Il 28 novembre Adnen Meddeb e Amine Mabrouk vengono fermati dalle forze dell’ordine per mancata osservanza del coprifuoco. Membri del comitato organizzativo delle Journées Cinématographiques de Carthage (JCC), i due esibiscono il loro lasciapassare, ma vengono arrestati per “sospetto uso di cannabis”, poiché nella loro vettura vengono ritrovare delle cartine per sigarette. Neanche dieci giorni prima tre artisti piuttosto noti nel panorama tunisino, Fakhri El-Ghezal, Atef Maatallah e Alaeddine Slim, vengono arrestati per possesso di cannabis, zatla in arabo tunisino; sono stati condannati a un anno di carcere pochi giorni fa. È la legge 52 contro l’uso di droghe, uno dei principali strumenti di repressione politica degli anni passati e ancora adesso fra le più frequenti cause di detenzione fra i giovani tunisini.

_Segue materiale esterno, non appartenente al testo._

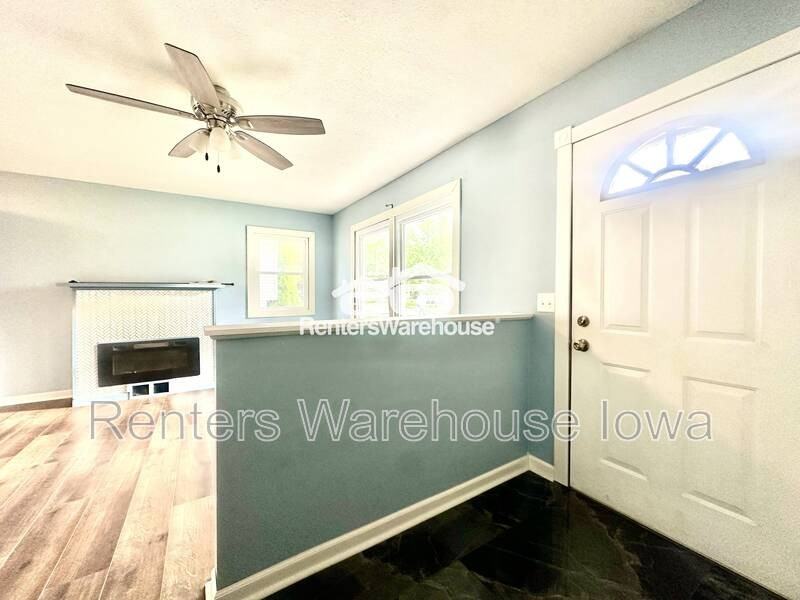 143 Snyder St Se - Photo 3 of 33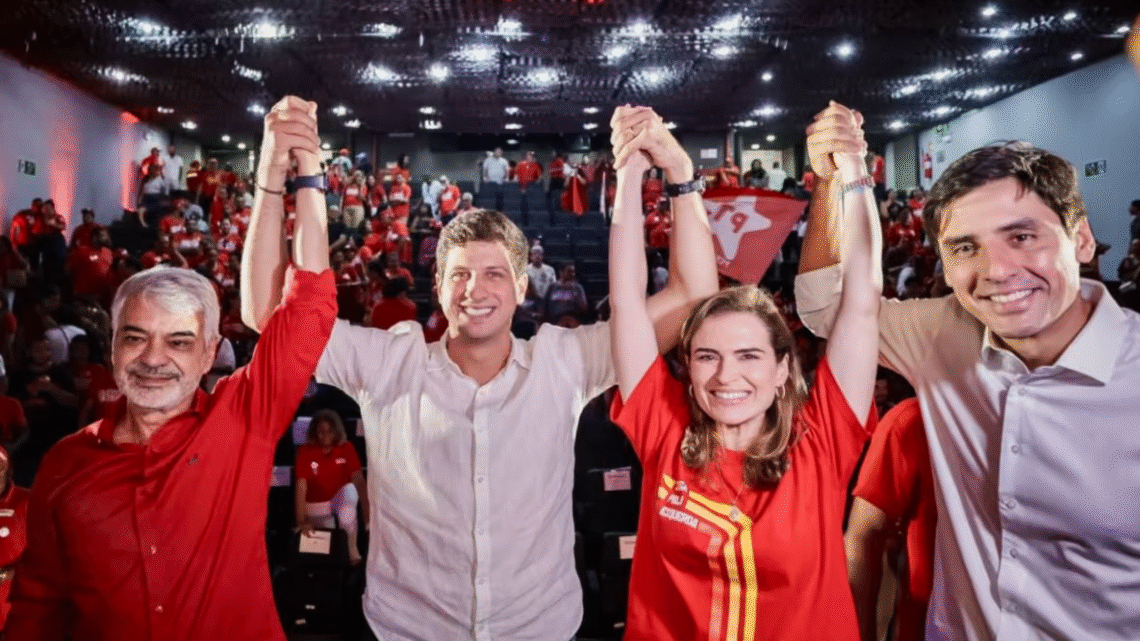 PT de Pernambuco confirma Humberto Costa no Senado e apoio a João Campos no governo do estado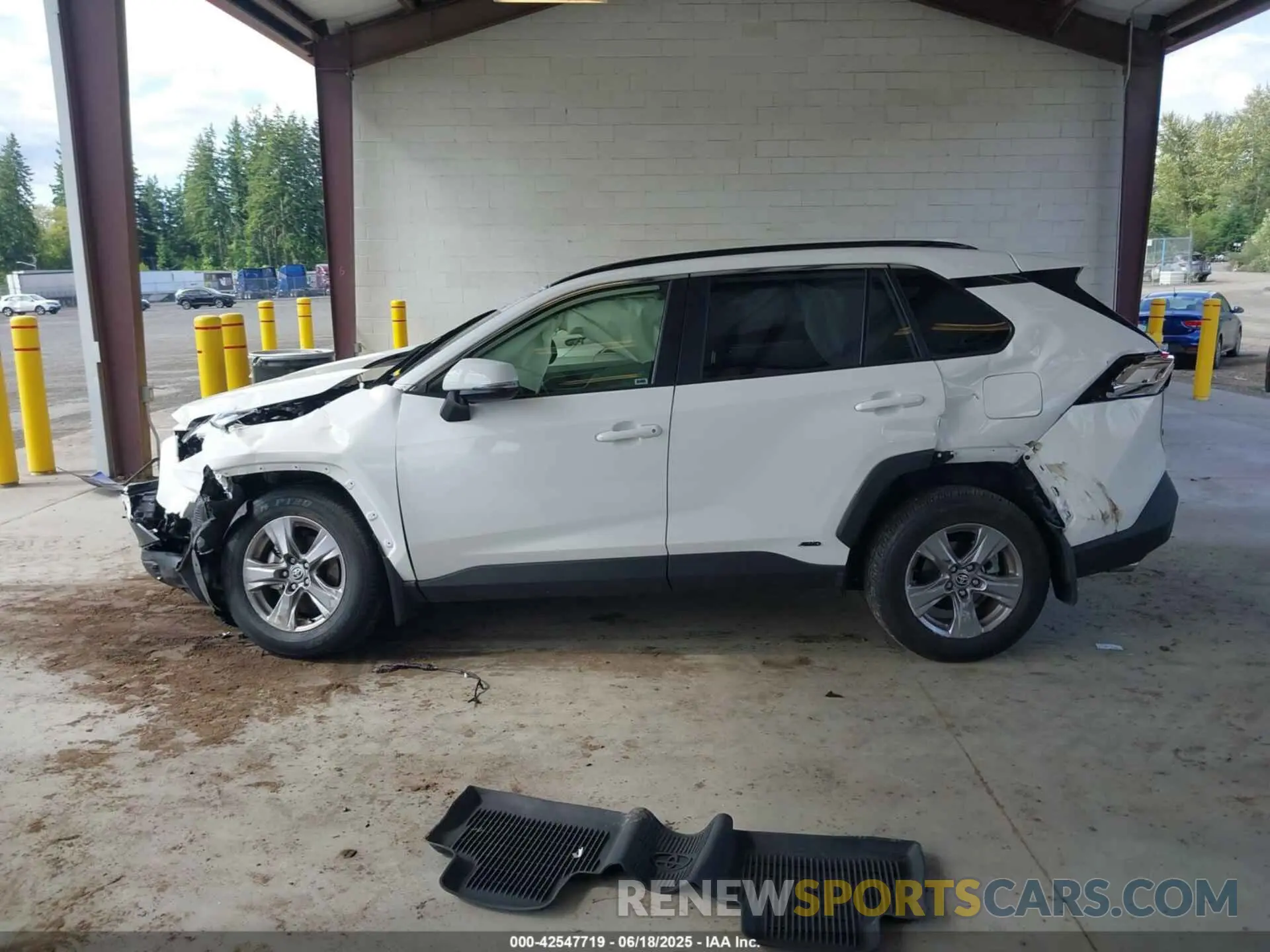 14 Photograph of a damaged car JTMRWRFV2SD286524 TOYOTA RAV4 HYBRID 2025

Per chi riesce, si paga e si evita la sentenza, magari accusando l’amico senza appoggi; gli altri rimangono a marcire nelle prigioni tunisine, per altro noti luoghi di radicalizzazione e reclutamento.

Ma mentre le forze dell’ordine rincorrono omosessuali e fumatori di canne – alcuni politicamente scomodi, altri solo sventurati trovatisi nel posto sbagliato al momento sbagliato – chi si occupa dei terroristi? Dov’è la politica, a tutti i livelli, che dovrebbe dare al Paese la tanto anelata dignità?

Quasi cinque anni dopo il disperato gesto di Mohammed Bouazizi, sempre nella stessa regione povera ed emarginata, un pastore di sedici anni, Mabrouk Soltani, veniva decapitato da un gruppo di terroristi che in quella zona hanno una base, forse per essersi opposto al furto delle sue pecore, forse per il sospetto di essere un informatore della polizia, comprato per pochi spiccioli. La storia di Mabrouk ha ricordato alla Tunisia che fuori dai quartieri residenziali di Tunisi e dai resort per il turismo di massa di Sousse, gran parte del Paese continua a vivere tra povertà, emarginazione e profonda frustrazione.
Nel frattempo, il nuovo progetto di legge finanziaria per il 2016 va nella stessa direzione della finanziaria integrativa promulgata nell’estate del 2015, industriandosi per teneri i conti in ordine e assegnando un ruolo chiave alla spesa per la sicurezza. I programmi di aiuto internazionale insistono invece sulle misure per incoraggiare l’investimento privato, la creazione di lavoro seguirà, inchallah. La qualità di questi impieghi e la loro distribuzione sul territorio è una questione che, forse, si porrà nel lungo periodo.
La Tunisia si trova ora con un Premio Nobel per la Pace e ancora tanta strada da percorrere in questa transizione. In questa terra di sommersi e salvati, la Rivoluzione è partita da un sommerso e dalla sorte dei sommersi dipende il suo successo. Ai salvati spetta il compito e la responsabilità di onorare i sogni di dignità che cinque anni fa risvegliarono un Paese e una regione.
Inchallah lebe’s ya Tunes, il tuo lavoro continua.